Questions to save you from data quality meltdown

In a large, busy organisation, inevitably, there are a lot of problems. Many issues can be assigned to data quality. But one of the biggest pitfalls for a data quality team, is taking on too many assignments.

Colleagues with over-simplistic viewpoints may use the data quality department as 'long grass' to conveniently kick their problems into. Here are some questions to ask yourself to prevent a data quality team meltdown.

Is it really a data quality problem?

A popular mistake is to assume that operational or functional problems are 'data quality'. For example - if a telecommunications company keeps debiting a customer's monthly charges, even though they cancelled their mobile phone connection, it is not a data quality problem. It is an operational problem. The data correctly reflects what money the customer has paid. Spot these kinds of problems early and remove them from your inbox.
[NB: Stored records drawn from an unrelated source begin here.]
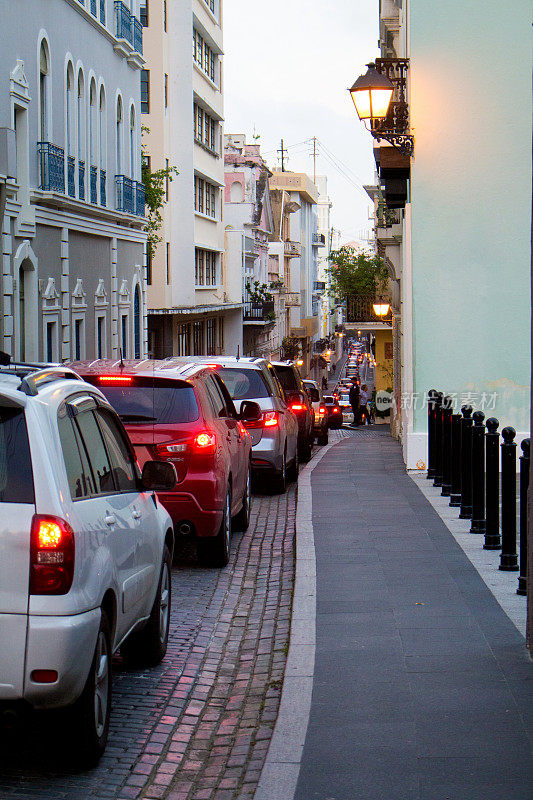 波多黎各圣胡安狭窄的街道，车水马龙
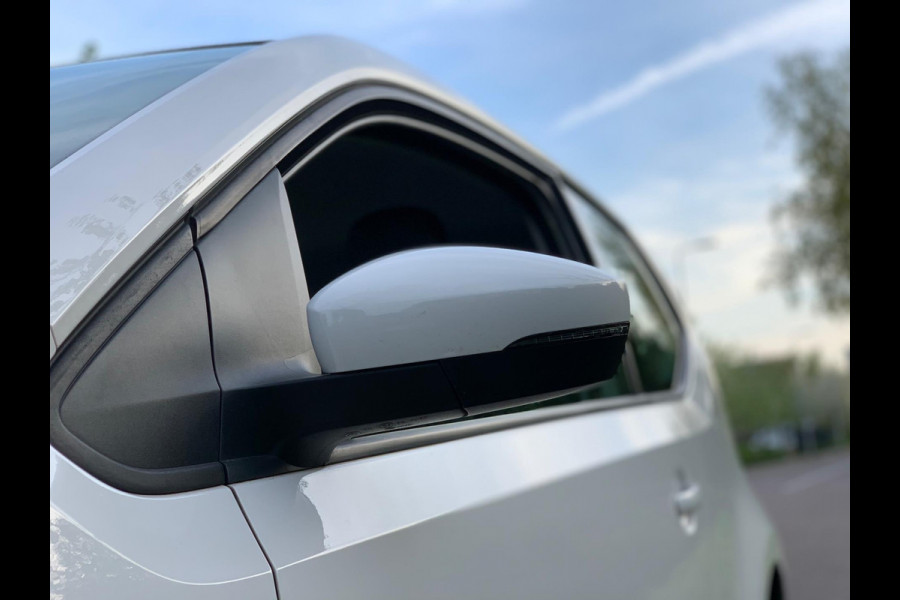Volkswagen up! 1.0 BMT move up! 5 DEURS AIRCO LUXE 2018 ! ! ! NIEUWE APK !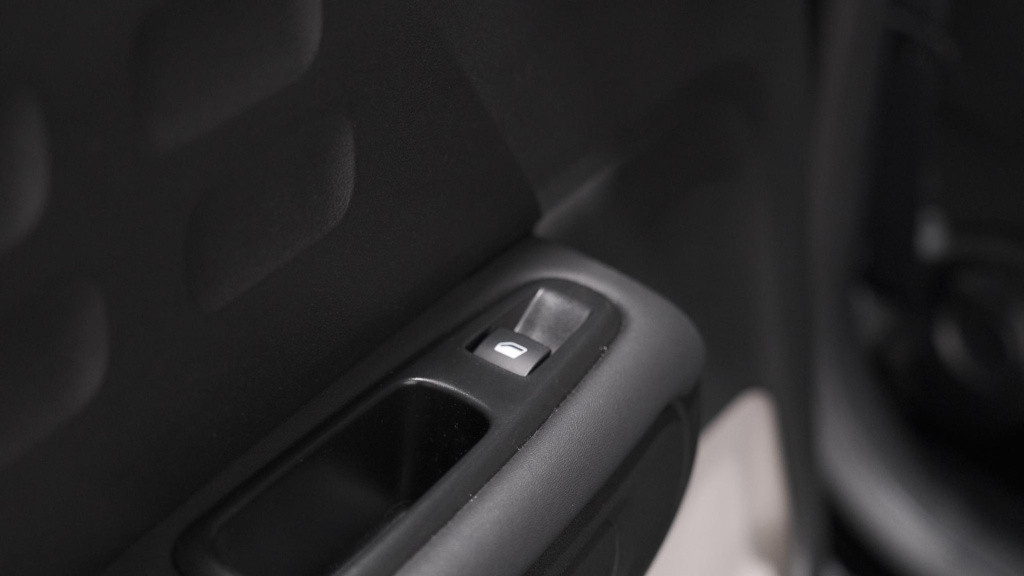 Citroen C3 puretech 82 feel edition | apple carplay | parkeersensoren | nav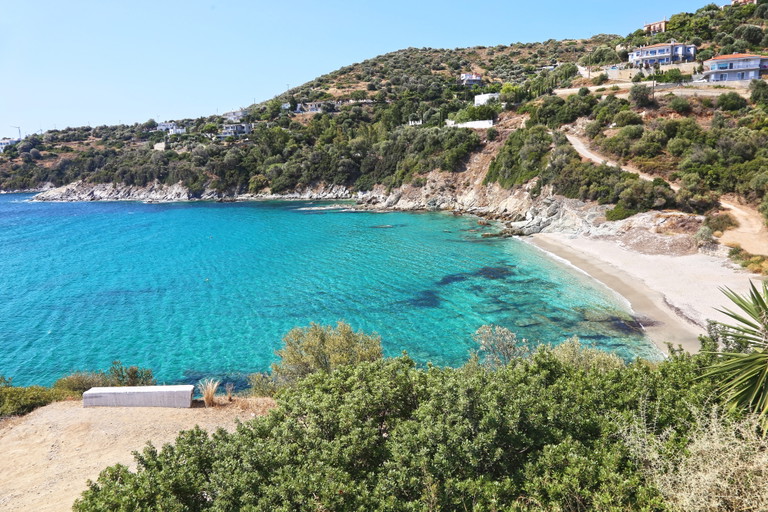 In Wirklichkeit nicht so verlassen wie in »Triangle of Sadness«: Klimaki Strand auf der Insel Euboea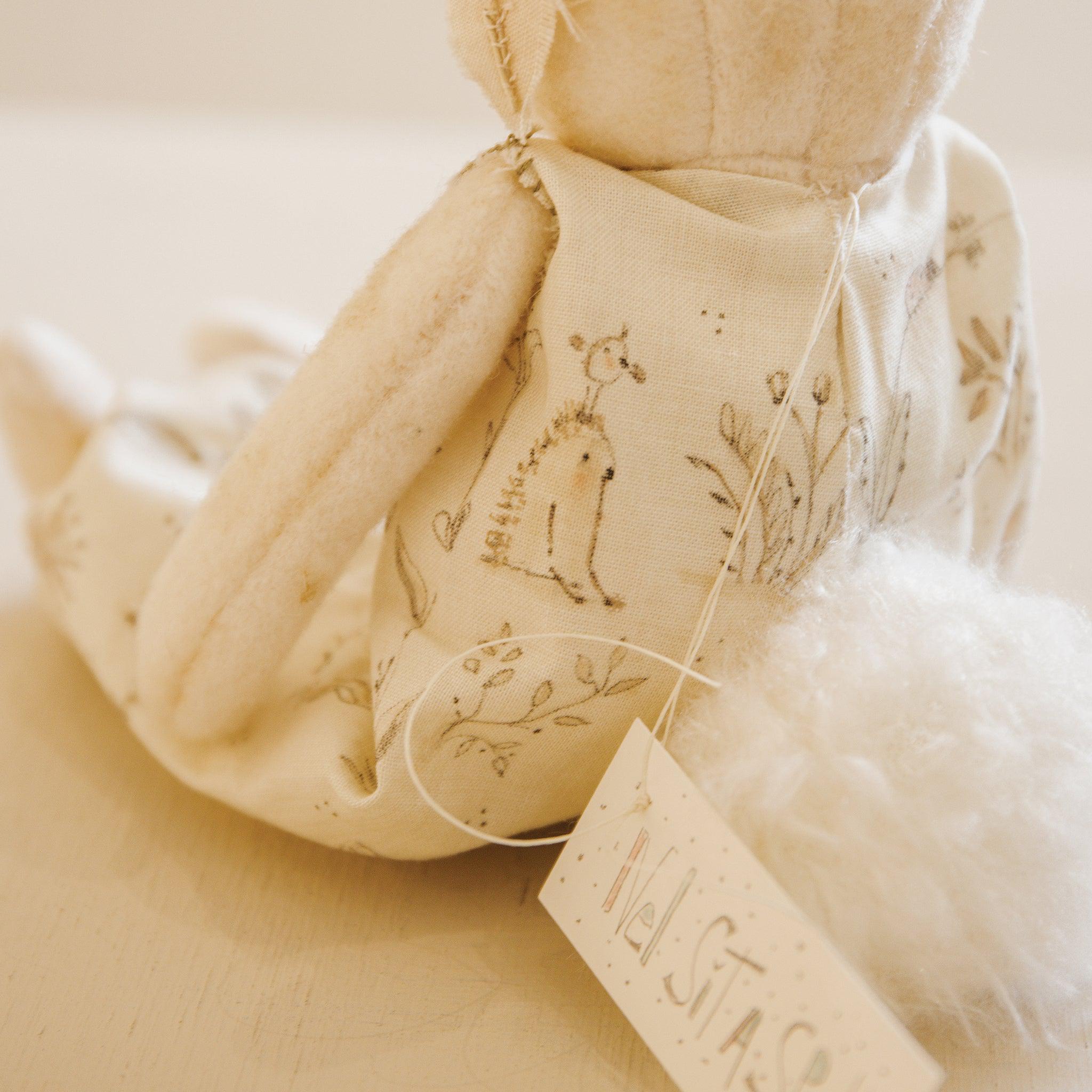 RETIRED - Hutch Studio Original - Nel Sit-a-Spell - Hand-Crafted Cotton & Wool Bunny、mySite、g9winljtr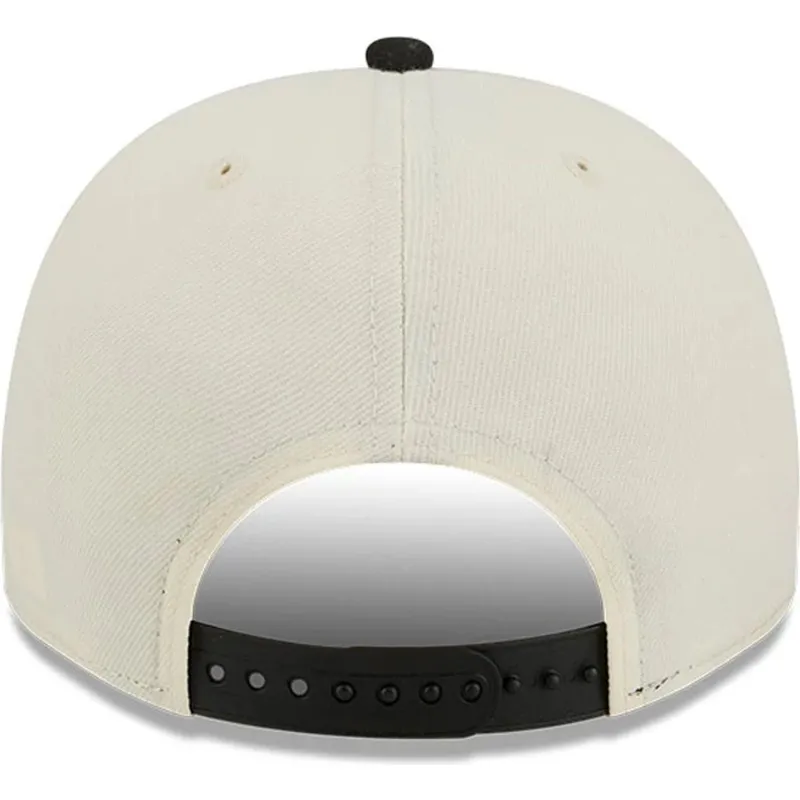 buet-beige-og-sort-snapback-kasket-9fifty-a-frame-precurved-hardwood-classics-fra-toronto-raptors-nba-fra-new-era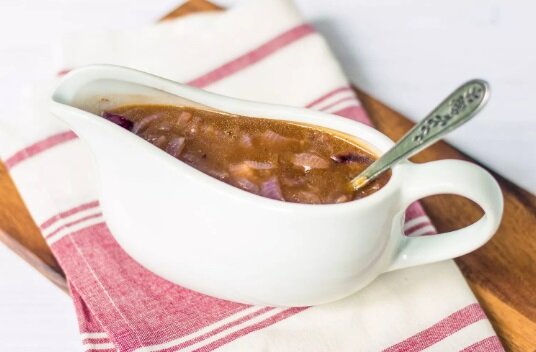 Универсальный луковый соус для ваших блюд. Всего за 35 минут!  Фото: thespruceeats.com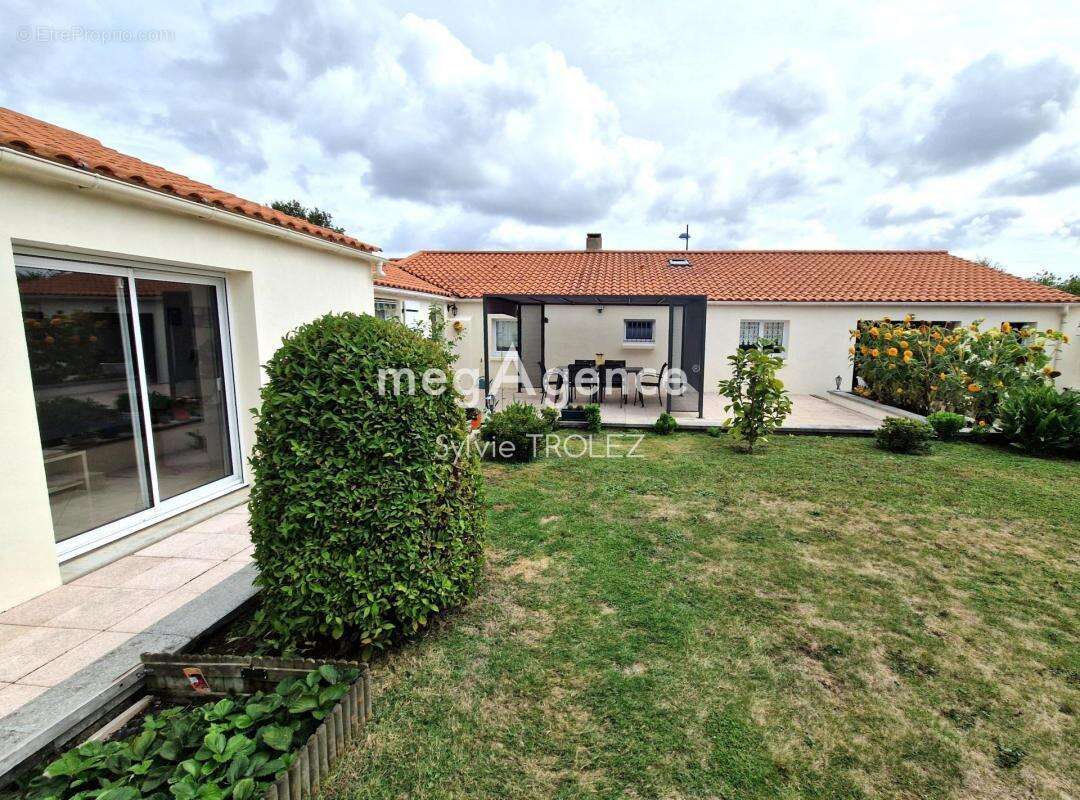 Maison à SAINT-MATHURIN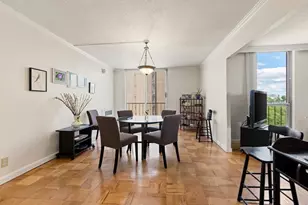 77 Pond Ave, Brookline, MA 02445 - Photo 4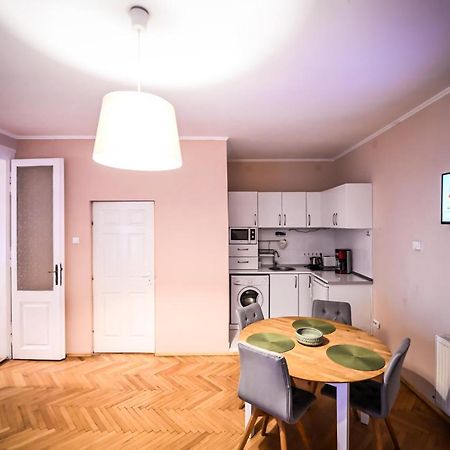Jules' Sunny, Spacious And Central Apartment Сибиу Экстерьер фото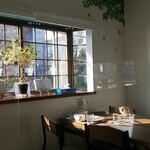 キッチン ブルー グローブ - ２階の店内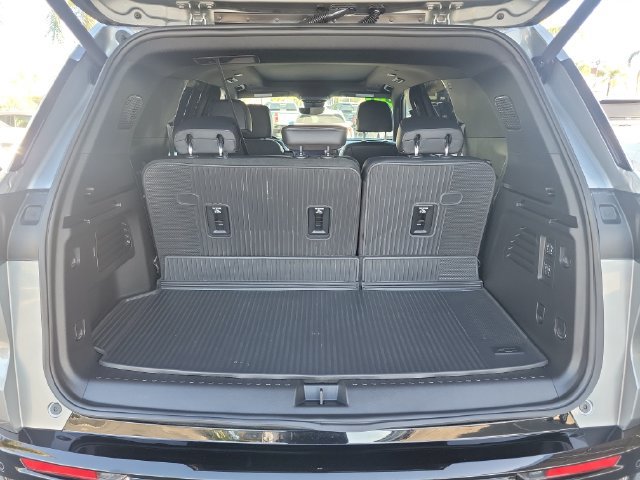 Used 2026 Chevrolet Traverse High Country w/ LPO, Floor Liner Package FWD image 27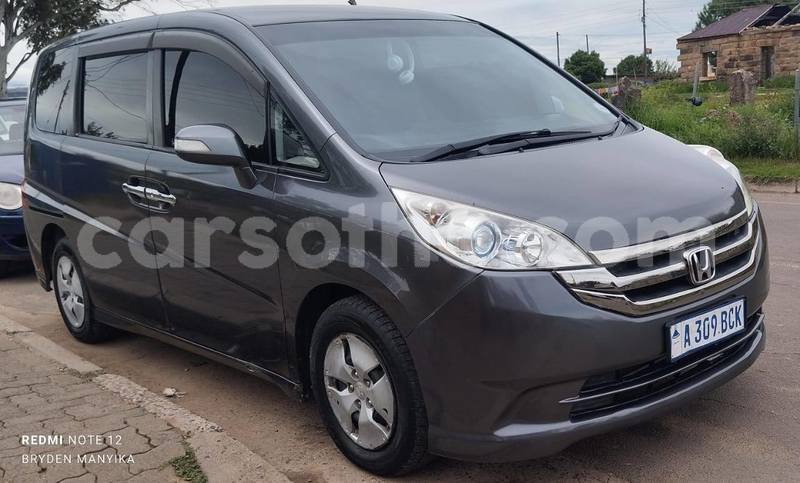 Big with watermark toyota sienna maseru maseru 29252
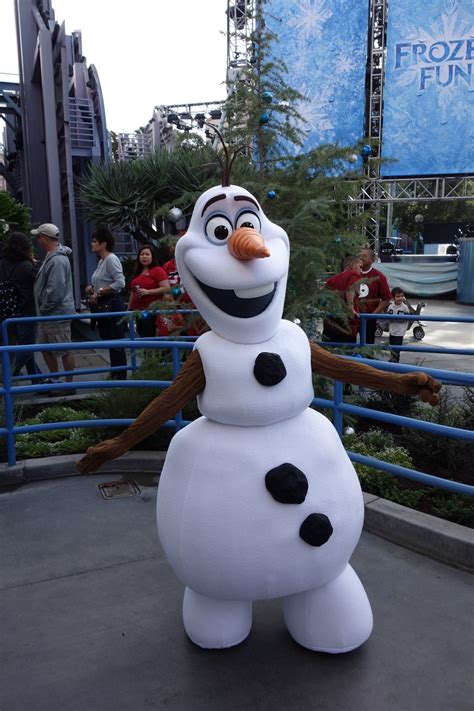 Pictures Olaf Meet And Greet Premieres At Disney California Adventure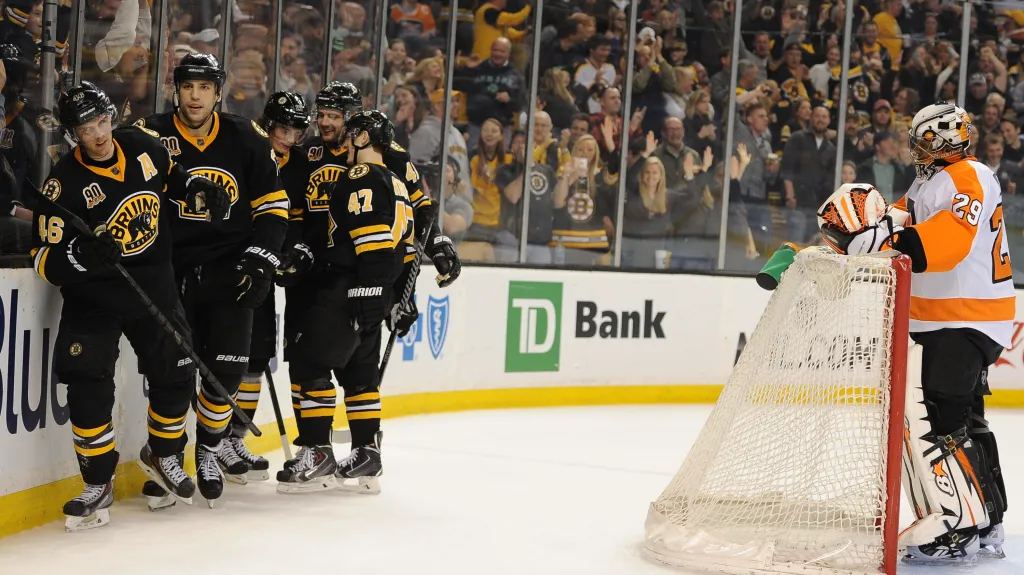 David Krejčí z Bostonu slaví branku se svými spoluhráči v zápase proti Philadelphii
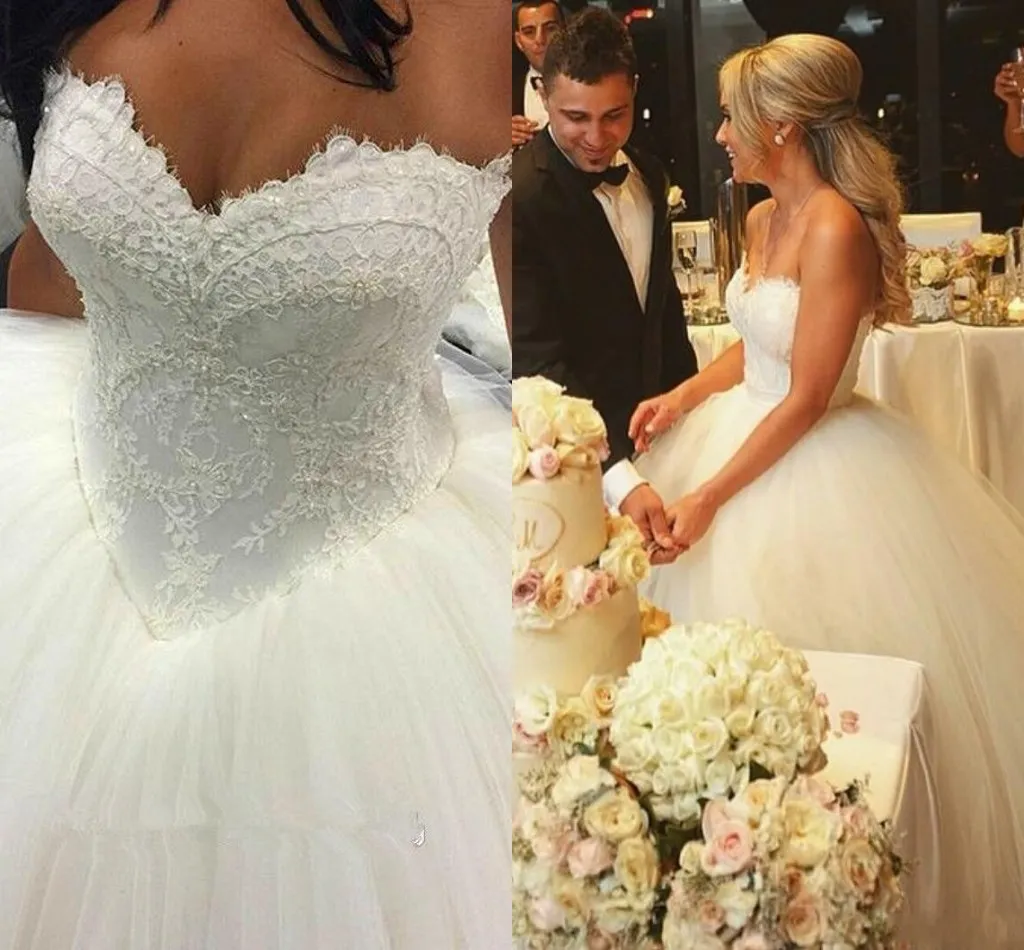 2016 Moderne Pas Cher Robe De Bal Robe De Mariée Chérie Dentelle Appliques Longue Tulle Puffy Balayage Train Plus La Taille Formelle Robes De Mariée Vestidos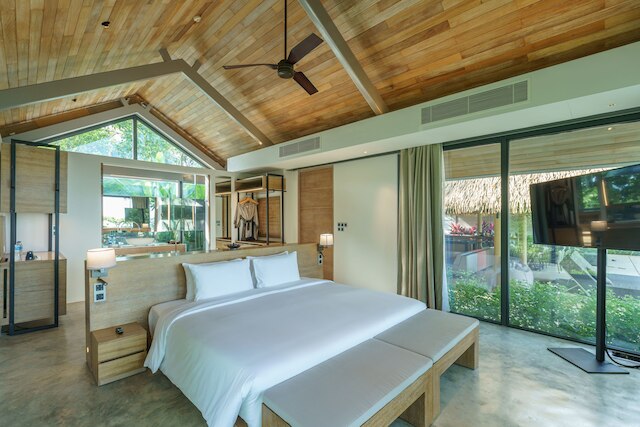 アイランド エスケープ ブラサリ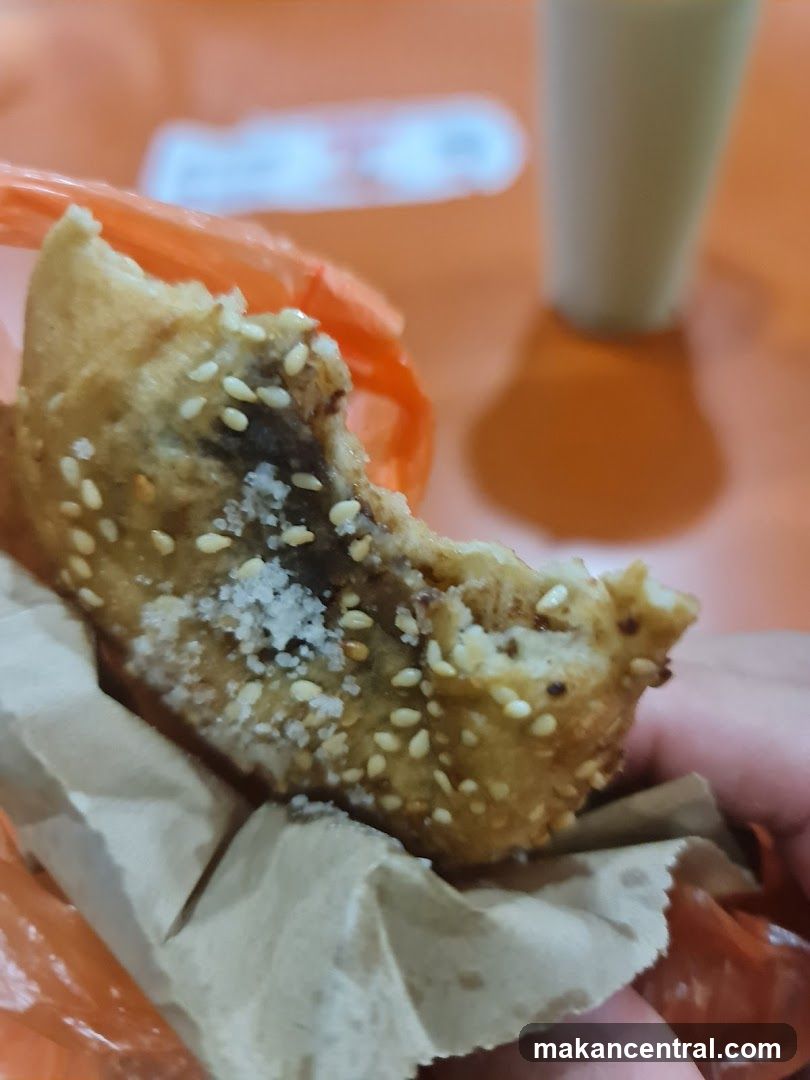 Fried Pastry with Sesame Seeds and Sugar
Is there a conflict of purpose?

Systems, databases and data marts get built for specific purposes. It can be tempting for analysts to try to use them for other purposes. When the data doesn't work as expected, they may declare that the data needs 'fixing' so they can use it. These are not data quality issues. They are issues for developers to solve.

Is it a nomenclature issue?

Naming terms can be a problem. Departments may have different names for the same things - or even worse - use the same name for two completely different things. Push the problem back to them until they can articulate their technical terms in plain English. Don't be afraid of sounding stupid to ask for this. It can uncover a lot of underlying problems.

Is there a migration issue?

When data gets migrated from one system to another, not all of the data for the new system will be contained in the old one. Very often these missing data items will either be blank or have default values. Although they are data quality issues, they cannot be fixed because the data was never collected in the first place. Get to know the start dates of each system, and the limitations of any migrated data.  It could save you a great deal of running around.

Are you trying to boil the ocean?

There are some issues that require large-scale intervention. Be honest about your capabilities, and get the correct resources assigned. If this means rejecting issues that are too large, reject them until the right resources become available.

These are all common-sense questions to ask yourself before accepting data quality issues. if you have any others, please use the comments below.

1 comment:

  1. An interesting read thanks, I like the comment on rejecting issues. For myself this has initially caused conflict however the client always comes round eventually and I sometimes even get a thank you.